> [Directions]: Reproduce the listing word for word. Skip any image.

> [Data provided]:
_____
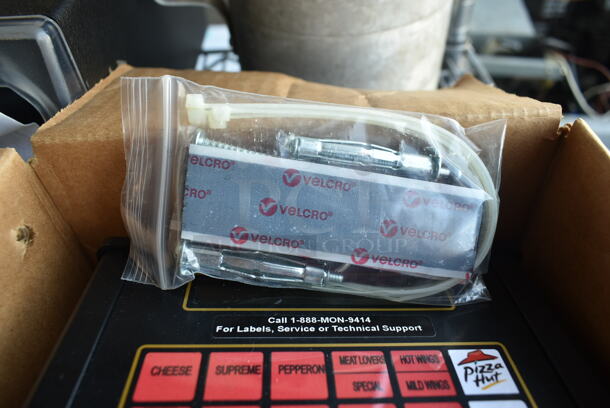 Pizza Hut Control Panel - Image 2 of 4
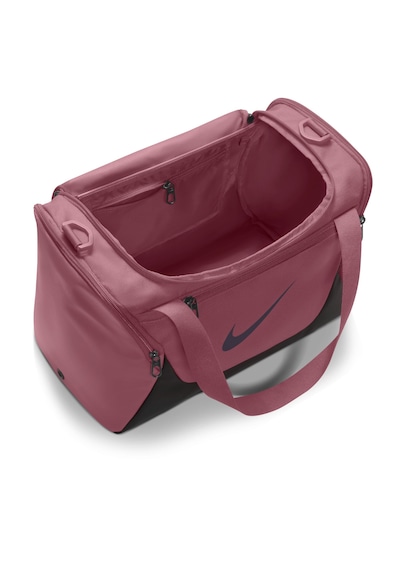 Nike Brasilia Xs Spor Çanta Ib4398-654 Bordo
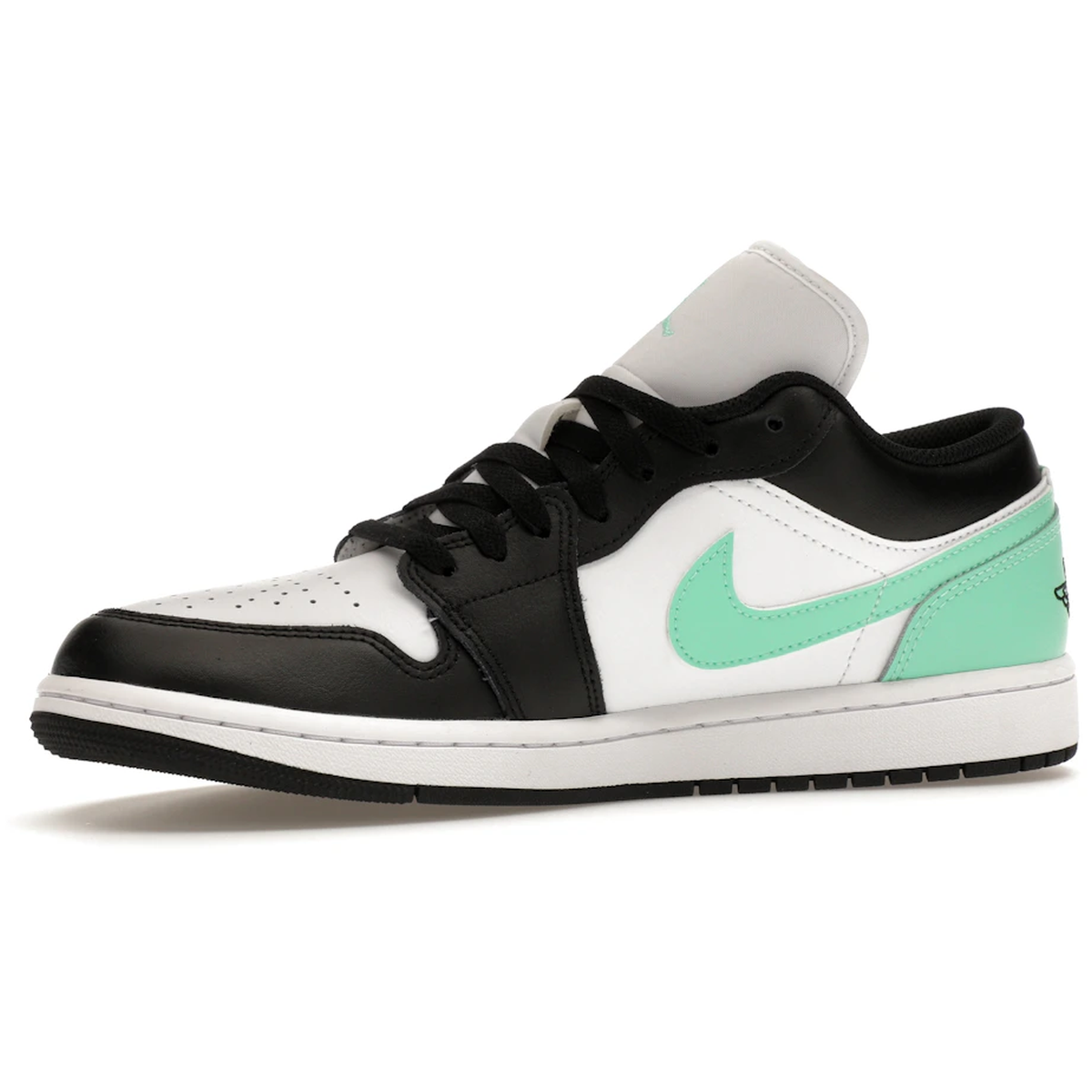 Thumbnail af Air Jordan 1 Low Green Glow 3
_____
> [Answer to this task]:
 Pizza Hut Control Panel - Image 2 of 4
 Nike Brasilia Xs Spor Çanta Ib4398-654 Bordo
 Thumbnail af Air Jordan 1 Low Green Glow 3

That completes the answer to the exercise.